There I sat with my 94-year-old grandmother in front of her computer, trying to explain to her about computer viruses. Her computer was full of them, and I was trying to explain they were malicious attempts to do damage or cause chaos over the internet.
“But why would someone do something like that?” she asked.
I thought for a second and found a way to explain it to her in a way she could relate. I said it’s like people who vandalize a playground. Why do they do it?
Because they’re bored.
- Because they’re just plain mean and want to destroy something good.
- Because they enjoy the rush of doing something bad and not getting caught.
- Because they want to prove they can do it and show off.
I told her you could take those exact same reasons and apply them to computer viruses and hackers, because in essence, it’s the same thing. I also said that some of the same ways we try to keep vandals out of parks are the same things we can use to stop hackers.
You can put up a fence around the property, which is like a firewall. But sometimes you accidentally block the people who you want to enter. And despite your security measures, sometimes you accidentally invite in the vandals, thinking that they’re the good guys, because they will lie, cheat, and beg their way through.
I gave her an example: You know all those e-mails your friends and relatives send you with the pretty flowers, the Bible verses, or the funny jokes? Your computer may have warned you that they may contain dangerous files, but you open them anyway.
“But I like those e-mails,” she said with a hint of annoyance. “I’m not going to stop reading them.”
At this point, I knew it would be rude to argue with her. She understood the risk of computer viruses and was willing to take the chance. I also knew that she had no personal information on her computer and never did any shopping online, so the likelihood of her identity being stolen was close to nothing.
Viruses aren’t just fooling little old ladies
I’m relaying this story because this is how people become victims of social engineering, or psychologically manipulating people into performing actions or divulging confidential information. I’m also relaying it because Practical Software Solutions was a victim of a computer virus through an e-mail, and we want to make everyone aware that you don’t have to be a 94-year-old grandmother with limited computer knowledge to become a victim.
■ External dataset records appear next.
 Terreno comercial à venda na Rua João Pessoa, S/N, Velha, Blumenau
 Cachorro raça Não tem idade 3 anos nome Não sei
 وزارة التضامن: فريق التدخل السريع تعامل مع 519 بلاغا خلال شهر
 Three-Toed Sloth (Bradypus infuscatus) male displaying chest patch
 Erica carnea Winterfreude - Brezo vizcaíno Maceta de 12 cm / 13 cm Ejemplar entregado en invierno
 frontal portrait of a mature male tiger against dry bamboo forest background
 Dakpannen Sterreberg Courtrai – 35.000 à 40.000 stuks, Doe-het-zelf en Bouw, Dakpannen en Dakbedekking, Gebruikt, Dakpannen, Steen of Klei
Last Friday, Jeremy Wagner, our network administrator, sent out this message to all employees:
One of our employees got a virus that has been making rounds for over a year now. It’s a CryptoLocker virus that takes your files and encrypts them until you pay a ransom. There was no threat of it spreading to other computers but this virus is typically received through email so I wanted to send a warning out to everyone in case you get any suspicious emails. Our spam/virus filter should catch it but just be cautious of any attachments received from any emails. More information regarding how you’re likely to get this virus can be found here.
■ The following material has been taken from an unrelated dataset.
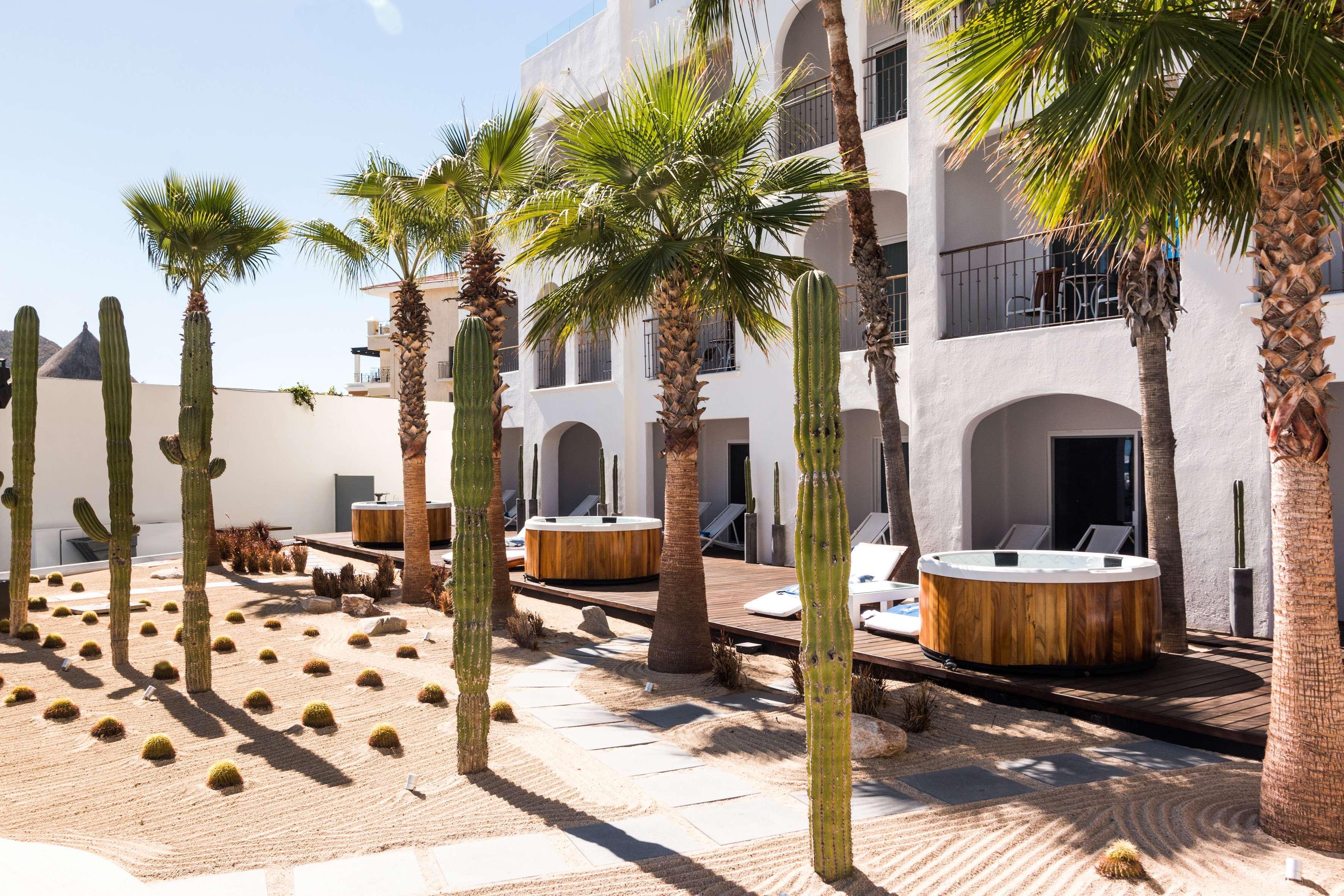 Me Cabo By Melia (Adults Only) Hotel Cabo San Lucas Eksteriør billede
Let’s be honest: We’re all pretty computer-literate here at Practical. We run the gamut from top-notch computer programmers to people who have spent their entire lives/working careers using computers. (And, if I may brag a bit, we’re all pretty smart here, too.) We have top-of-the-line protection for our servers, and we all know what not to open in e-mails or click on a website. And we know how viruses work and how they can get past a firewall.
But again, it’s the difference between the bad guys who try to force their way past security and the confidence man who can easily gain access just by putting on a great act.
We’ve all had days at work where we’re distracted and don’t pay attention to the best of our abilities. The dog was sick overnight and you didn’t get enough sleep. Or that big vacation is a day away, and you’re excited and rushing to get everything done. Or you’re worrying about money because of some unexpected car repairs. I don’t care if you’re the CEO or the custodian — you’re human and we all have bad days.
But that’s also how an extremely sharp and computer-literate person can be fooled by a hacker. According to the article linked above from Bleeping Computer, the virus most likely was cunningly disguised as a PDF attachment from a seemingly reputable sources. All it takes is one distracted moment to forget that UPS wouldn’t send you a PDF if something you ordered online was going to be delayed, and the trap has been sprung in the time it takes to double-click an icon.
And for the hacker who enjoys “the thrill of the hunt,” they don’t find sport in duping my 94-year-old grandmother. Even though this particular virus was an extortion, many hackers aren’t looking for financial gain. They’re looking for a challenge in their chaos, and getting a computer-savvy businessperson to fall for the scam is quite a coup.
So we ask everyone to stay vigilant when it comes to your online protection. There’s no use in spending thousands of dollars on a security system, only to hold the gate open for the bad guys and invite them in for a drink.